My older daughter, M, is now with the Peace Corps in Mali.
Monday February 7, 2011
MESSAGE FROM PAUL SCHINDLER:
M texted me her village as Dialakorobugu, but maps.google.com thinks it is:
Dyalakorobougou, Kati, Koulikoro, Mali
Transliterations from African languages frequently disagree on spellings.
It is about 24 KM from the center of the capital Bamako or 14 miles at M's average speed of 12 mph on flat asphalt in America, just over an hour by bike However, I suspect the roads are dirt, so it is probably more like 2 hours. Still, that beats 2 days. And it probably can't be much more than an hour by bush taxi.
If you check out the satellite pictures, there appear to be buildings with no roofs, as well as buildings with roofs.
Tuesday February 8, 2011 MESSAGE FROM M
This is just going to be my village for the next nine weeks for training. I'm going to be there for language and culture immersion training. I'm studying Bambara, and all the other trainees in my business are also doing small business training. There are nine villages total in the area that are hosting volunteers. Some trainees are doing minority languages, but I'm doing the language spoken by 80% of the country (more than speak French), so I still don't know what region I met end up in for my actual service.
We're meeting our host families in two hours and driving out to the villages. I won't have Internet again until the 20th, but dad can send you my cell phone numbers which may or may not work.
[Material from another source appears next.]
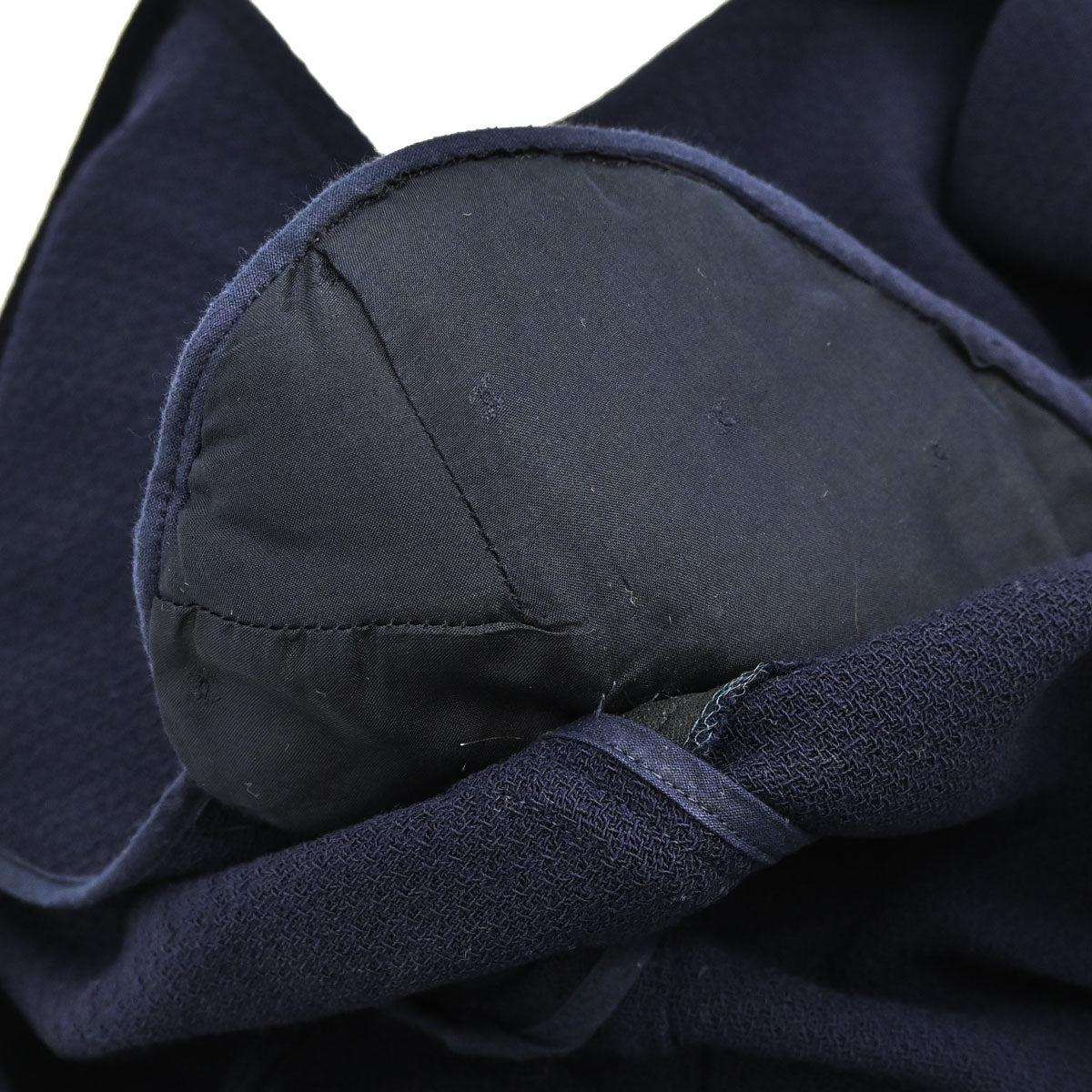 Chanel 1994 Collarless Coat Navy #40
So far so good here. It is hot, and only getting hotter. The end of February marks the beginning of the "hot season"... There will also be mangoes soon though. We tried tou for the first time last night, which is the traditional Malian starch made out of millet. The tou itself wasn't bad, but the sauce they put on it was just like slime. I hope I end up in more of a rice eating household, but if I end up with tou three times a day for the next ten days I guess that will help me get used to it.
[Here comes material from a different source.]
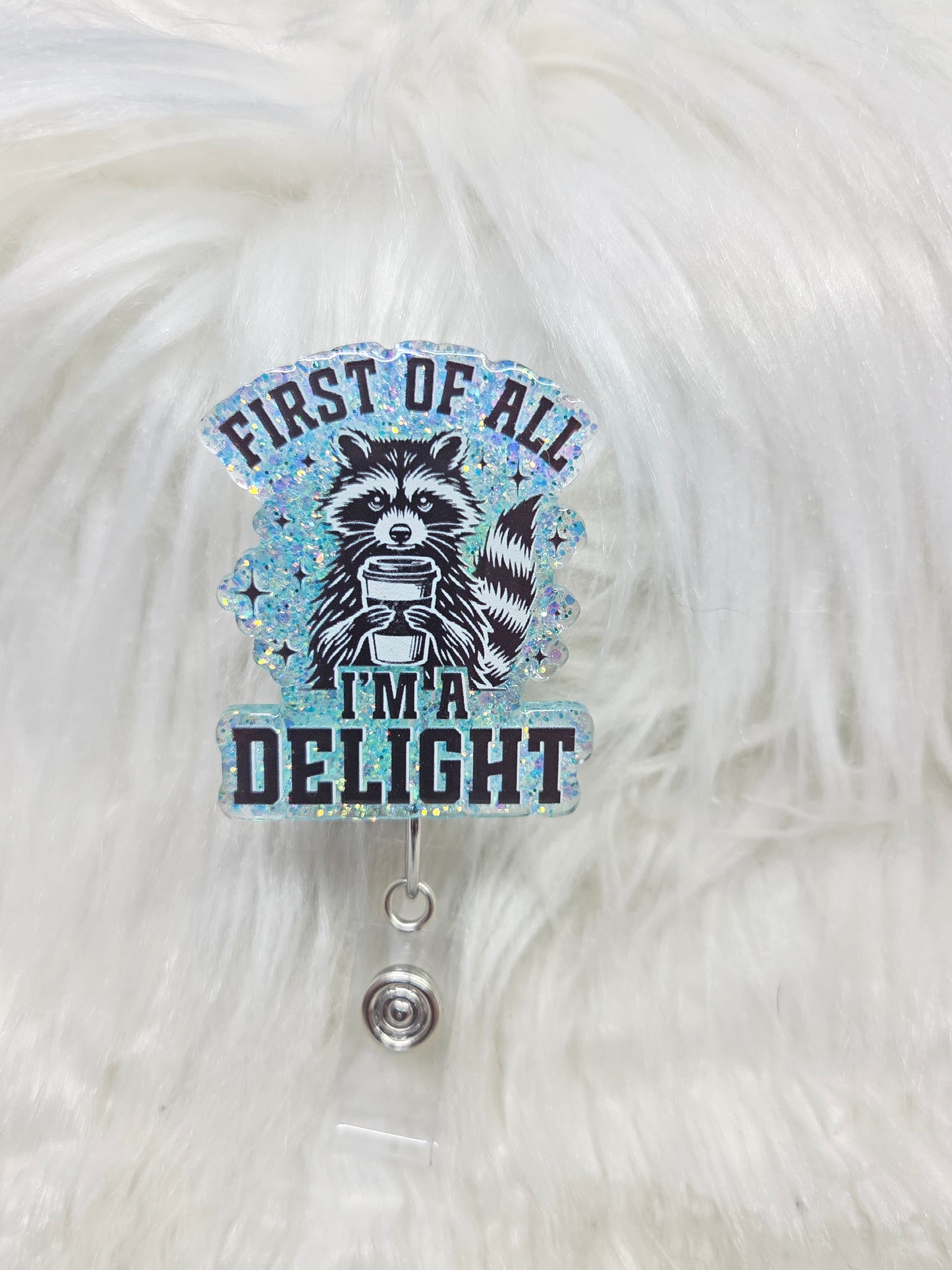 First of all ima delight Badge Reel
So far my stomach is mostly OK, the biggest discomfort I'm having is from the high dose of mefloquin we had to take the first three days to get our immune systems up for malaria. From here on out it is just one pill every Sunday.
I feel like I haven't really gotten to Mali yet because we haven't really left the training compound and interacted with anyone who wasn't paid by Peace Corps to be nice to us. I walked down to the Niger River last night with a group of trainees while it was still light out, and looked at Bamako across the river and that made it a little more real.
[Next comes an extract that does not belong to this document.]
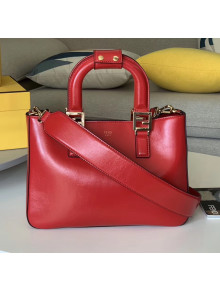 Fendi FF Tote Small Calfskin Bag Red 2020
I'm excited for home stay. Having a host family will be tough I'm sure, but at least I won't have roommates for awhile... I'll let you know how it goes in two weeks.
By Telephone Feb. 12-13
We spoke to M on her cellphone twice this weekend. She is living in a family with three wives, thirty children and two squat toilets. Most of life takes place outdoors. There are lots of animals around. The small children make fun of her laundry ineptitude. She is awake every morning at 6; there is silence until everyone has washed their face. The men go straight to the Mosque.